Monday, April 12, 2010

Brockport Moving Toward Dissolution?

It's probably a good idea that Brockport and a few other villages vote to dissolve, as examples to voters elsewhere.   Citizens looking for big cost savings are in for a big disappointment instead.   Under the law allowing village dissolution, all of the most expensive functions, like a police force, sewer districts, etc, all just get shifted into other entities either existing, or required to be created for the purpose.

The form of government changes; nearly all the expense to taxpayers continues.

And citizens lose one of the only functional forms of government still surviving in the State of New York.

We noted this last November:

It's yet another poignant, maddening irony of the farce passing for government in this state that the levels of government that citizens actually have power to change are the levels that work best. (Maybe that's why they work best.)

Those levels of government that cry out to be changed -- the State government and that 80% of County government functions dictated by the State -- citizens can't touch.

In New York, it's the town and village governments that work best, irrespective of party control. They're the most responsive to citizens, and the most fiscally responsible.

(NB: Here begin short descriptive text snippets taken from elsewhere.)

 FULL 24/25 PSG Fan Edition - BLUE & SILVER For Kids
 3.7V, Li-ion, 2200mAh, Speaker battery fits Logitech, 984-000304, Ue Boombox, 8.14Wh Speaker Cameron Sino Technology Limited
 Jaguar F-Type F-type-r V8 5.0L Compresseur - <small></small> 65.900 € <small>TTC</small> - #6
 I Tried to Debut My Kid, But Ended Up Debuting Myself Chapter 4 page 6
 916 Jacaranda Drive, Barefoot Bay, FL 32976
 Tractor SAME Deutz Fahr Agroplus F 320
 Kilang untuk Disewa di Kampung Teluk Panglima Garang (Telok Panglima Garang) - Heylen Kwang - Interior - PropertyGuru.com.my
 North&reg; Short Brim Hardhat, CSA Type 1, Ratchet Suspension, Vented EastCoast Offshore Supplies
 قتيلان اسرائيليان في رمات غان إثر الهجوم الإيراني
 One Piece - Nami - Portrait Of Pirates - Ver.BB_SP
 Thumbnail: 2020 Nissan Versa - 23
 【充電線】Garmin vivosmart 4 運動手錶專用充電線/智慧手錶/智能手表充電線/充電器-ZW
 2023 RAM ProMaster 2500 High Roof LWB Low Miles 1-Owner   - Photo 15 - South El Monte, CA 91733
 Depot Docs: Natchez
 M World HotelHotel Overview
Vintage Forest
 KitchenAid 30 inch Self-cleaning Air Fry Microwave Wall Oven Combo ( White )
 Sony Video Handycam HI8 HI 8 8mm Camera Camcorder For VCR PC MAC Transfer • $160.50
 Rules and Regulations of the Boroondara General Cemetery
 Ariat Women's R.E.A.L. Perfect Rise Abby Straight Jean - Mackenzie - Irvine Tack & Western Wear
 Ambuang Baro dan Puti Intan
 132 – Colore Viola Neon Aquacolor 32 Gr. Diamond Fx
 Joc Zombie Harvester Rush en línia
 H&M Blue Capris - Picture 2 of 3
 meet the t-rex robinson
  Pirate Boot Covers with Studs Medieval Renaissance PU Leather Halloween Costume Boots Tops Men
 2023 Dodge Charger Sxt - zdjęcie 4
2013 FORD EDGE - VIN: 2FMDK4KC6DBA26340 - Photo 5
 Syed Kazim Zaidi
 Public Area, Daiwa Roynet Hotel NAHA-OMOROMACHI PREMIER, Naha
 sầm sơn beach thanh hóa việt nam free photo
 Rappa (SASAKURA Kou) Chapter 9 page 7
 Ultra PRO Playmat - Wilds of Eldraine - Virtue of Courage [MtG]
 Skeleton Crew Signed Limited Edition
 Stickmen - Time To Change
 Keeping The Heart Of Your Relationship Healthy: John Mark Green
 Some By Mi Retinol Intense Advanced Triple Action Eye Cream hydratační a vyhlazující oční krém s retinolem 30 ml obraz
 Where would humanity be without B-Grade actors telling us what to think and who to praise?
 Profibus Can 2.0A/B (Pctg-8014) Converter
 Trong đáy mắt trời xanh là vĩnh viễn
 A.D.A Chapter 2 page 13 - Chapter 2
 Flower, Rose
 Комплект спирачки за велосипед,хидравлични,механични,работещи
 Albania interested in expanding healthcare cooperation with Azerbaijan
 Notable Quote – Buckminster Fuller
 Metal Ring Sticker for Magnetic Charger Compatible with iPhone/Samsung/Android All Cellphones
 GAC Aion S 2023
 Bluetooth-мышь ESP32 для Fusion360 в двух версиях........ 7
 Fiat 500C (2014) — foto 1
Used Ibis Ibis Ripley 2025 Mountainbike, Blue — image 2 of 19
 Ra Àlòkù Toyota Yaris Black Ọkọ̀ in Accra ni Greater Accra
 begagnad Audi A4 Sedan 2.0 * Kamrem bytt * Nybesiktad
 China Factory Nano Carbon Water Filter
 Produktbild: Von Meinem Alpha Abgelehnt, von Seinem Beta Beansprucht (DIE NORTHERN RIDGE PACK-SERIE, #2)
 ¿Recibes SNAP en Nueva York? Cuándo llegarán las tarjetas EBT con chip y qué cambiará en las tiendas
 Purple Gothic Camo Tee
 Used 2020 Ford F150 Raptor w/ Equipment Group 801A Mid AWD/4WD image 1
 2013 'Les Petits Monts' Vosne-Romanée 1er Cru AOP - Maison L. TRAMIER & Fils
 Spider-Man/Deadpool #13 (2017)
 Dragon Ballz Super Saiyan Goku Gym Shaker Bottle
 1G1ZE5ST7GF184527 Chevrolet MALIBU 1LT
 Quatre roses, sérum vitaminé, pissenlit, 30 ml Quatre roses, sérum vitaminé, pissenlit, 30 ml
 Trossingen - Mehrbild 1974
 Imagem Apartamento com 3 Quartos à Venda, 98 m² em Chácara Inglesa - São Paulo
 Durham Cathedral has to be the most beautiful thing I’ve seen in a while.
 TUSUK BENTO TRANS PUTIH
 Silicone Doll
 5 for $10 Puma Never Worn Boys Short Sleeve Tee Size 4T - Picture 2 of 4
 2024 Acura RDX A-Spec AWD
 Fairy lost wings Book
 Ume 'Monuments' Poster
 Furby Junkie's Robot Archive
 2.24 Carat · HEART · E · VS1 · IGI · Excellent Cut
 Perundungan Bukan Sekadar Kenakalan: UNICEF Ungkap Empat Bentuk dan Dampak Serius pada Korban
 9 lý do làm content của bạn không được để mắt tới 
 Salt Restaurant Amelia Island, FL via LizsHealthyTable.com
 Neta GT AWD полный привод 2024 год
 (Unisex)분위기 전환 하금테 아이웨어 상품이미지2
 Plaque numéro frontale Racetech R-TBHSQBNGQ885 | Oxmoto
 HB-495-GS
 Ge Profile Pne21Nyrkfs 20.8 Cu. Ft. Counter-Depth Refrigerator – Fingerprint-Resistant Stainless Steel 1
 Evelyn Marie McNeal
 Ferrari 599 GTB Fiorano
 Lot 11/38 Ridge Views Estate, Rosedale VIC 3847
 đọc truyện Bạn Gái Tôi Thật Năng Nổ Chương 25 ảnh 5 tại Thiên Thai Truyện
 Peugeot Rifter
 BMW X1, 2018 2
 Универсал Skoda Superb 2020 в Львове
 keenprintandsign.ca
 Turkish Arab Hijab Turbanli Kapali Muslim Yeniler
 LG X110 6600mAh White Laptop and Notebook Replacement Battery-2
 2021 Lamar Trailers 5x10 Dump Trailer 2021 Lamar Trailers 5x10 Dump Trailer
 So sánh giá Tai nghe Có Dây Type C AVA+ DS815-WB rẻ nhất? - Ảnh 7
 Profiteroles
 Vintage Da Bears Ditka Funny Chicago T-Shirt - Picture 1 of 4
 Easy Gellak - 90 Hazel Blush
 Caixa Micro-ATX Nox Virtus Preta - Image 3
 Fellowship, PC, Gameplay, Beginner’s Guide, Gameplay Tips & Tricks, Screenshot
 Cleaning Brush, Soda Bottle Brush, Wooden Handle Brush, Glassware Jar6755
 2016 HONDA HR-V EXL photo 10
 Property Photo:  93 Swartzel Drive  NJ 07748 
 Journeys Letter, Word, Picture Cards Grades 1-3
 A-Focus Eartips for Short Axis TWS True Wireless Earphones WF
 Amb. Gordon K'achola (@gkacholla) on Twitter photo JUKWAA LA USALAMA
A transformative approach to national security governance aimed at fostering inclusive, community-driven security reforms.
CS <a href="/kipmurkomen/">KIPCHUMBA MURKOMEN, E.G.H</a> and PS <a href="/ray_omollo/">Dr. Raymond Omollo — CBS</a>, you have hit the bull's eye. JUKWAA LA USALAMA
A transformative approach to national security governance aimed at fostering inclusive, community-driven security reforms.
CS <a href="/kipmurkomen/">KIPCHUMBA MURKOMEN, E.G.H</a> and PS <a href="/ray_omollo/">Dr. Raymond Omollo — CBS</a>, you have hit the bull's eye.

Surely the very worst town government in the state looks exemplary compared to the Albany regime.
Want a real cost-saving consolidation?   Dissolve the Rochester City government.   There's already a body that represents citizens of the City, and for which City residents vote:   the Monroe County government.   The County can take over the functions currently performed by the City, and in this kind of consolidation you really would see some massive cost-saving through personnel reductions.

Naturally the laws of New York don't allow for it.   Because it would make sense, and because all the office-holders losing taxpayer-paid jobs would come from the wrong party.